EXERCISE INSTRUCTIONS — The required output is the lines below from the line containing "Trails carved into tundra landscape" to the line containing "二枚貝　イノセラムスの一種2", inclusive, retyped exactly. No other lines belong in it.

Stored data entries:
# # # #
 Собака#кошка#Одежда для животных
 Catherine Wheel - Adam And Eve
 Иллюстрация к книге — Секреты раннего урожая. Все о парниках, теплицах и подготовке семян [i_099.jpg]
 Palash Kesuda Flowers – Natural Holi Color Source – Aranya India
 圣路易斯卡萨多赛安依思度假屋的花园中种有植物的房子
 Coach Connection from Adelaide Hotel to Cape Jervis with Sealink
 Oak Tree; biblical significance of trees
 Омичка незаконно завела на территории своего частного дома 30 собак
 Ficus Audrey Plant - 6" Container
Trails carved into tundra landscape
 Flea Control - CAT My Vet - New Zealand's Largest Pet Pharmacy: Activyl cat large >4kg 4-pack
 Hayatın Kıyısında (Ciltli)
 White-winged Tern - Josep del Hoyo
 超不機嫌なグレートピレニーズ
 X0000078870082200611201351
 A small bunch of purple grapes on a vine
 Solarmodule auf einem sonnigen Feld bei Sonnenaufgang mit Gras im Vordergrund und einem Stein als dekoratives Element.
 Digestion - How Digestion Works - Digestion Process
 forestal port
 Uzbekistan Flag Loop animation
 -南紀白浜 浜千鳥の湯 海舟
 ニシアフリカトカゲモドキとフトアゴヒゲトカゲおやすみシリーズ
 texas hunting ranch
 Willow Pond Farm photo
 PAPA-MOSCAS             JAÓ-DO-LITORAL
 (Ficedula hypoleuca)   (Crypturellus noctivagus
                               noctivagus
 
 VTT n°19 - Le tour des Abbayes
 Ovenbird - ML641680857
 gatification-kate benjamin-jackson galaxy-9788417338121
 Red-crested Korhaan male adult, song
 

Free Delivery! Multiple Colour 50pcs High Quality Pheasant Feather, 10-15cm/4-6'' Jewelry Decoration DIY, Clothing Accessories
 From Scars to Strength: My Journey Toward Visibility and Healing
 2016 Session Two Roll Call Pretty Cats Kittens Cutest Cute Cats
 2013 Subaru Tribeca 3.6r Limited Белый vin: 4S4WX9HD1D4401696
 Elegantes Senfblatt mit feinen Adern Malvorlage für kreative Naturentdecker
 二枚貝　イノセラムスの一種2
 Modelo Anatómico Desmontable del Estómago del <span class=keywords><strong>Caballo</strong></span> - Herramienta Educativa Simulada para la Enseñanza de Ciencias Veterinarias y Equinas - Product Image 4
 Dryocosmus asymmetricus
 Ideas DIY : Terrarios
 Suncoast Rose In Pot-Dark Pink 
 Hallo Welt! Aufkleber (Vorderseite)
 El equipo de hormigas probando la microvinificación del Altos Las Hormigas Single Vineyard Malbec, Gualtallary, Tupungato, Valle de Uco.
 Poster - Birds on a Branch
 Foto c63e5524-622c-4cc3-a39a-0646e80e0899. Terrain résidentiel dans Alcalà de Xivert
# # # #
RESULT OF THIS EXERCISE —
Trails carved into tundra landscape
 Flea Control - CAT My Vet - New Zealand's Largest Pet Pharmacy: Activyl cat large >4kg 4-pack
 Hayatın Kıyısında (Ciltli)
 White-winged Tern - Josep del Hoyo
 超不機嫌なグレートピレニーズ
 X0000078870082200611201351
 A small bunch of purple grapes on a vine
 Solarmodule auf einem sonnigen Feld bei Sonnenaufgang mit Gras im Vordergrund und einem Stein als dekoratives Element.
 Digestion - How Digestion Works - Digestion Process
 forestal port
 Uzbekistan Flag Loop animation
 -南紀白浜 浜千鳥の湯 海舟
 ニシアフリカトカゲモドキとフトアゴヒゲトカゲおやすみシリーズ
 texas hunting ranch
 Willow Pond Farm photo
 PAPA-MOSCAS             JAÓ-DO-LITORAL
 (Ficedula hypoleuca)   (Crypturellus noctivagus
                               noctivagus
 
 VTT n°19 - Le tour des Abbayes
 Ovenbird - ML641680857
 gatification-kate benjamin-jackson galaxy-9788417338121
 Red-crested Korhaan male adult, song
 

Free Delivery! Multiple Colour 50pcs High Quality Pheasant Feather, 10-15cm/4-6'' Jewelry Decoration DIY, Clothing Accessories
 From Scars to Strength: My Journey Toward Visibility and Healing
 2016 Session Two Roll Call Pretty Cats Kittens Cutest Cute Cats
 2013 Subaru Tribeca 3.6r Limited Белый vin: 4S4WX9HD1D4401696
 Elegantes Senfblatt mit feinen Adern Malvorlage für kreative Naturentdecker
 二枚貝　イノセラムスの一種2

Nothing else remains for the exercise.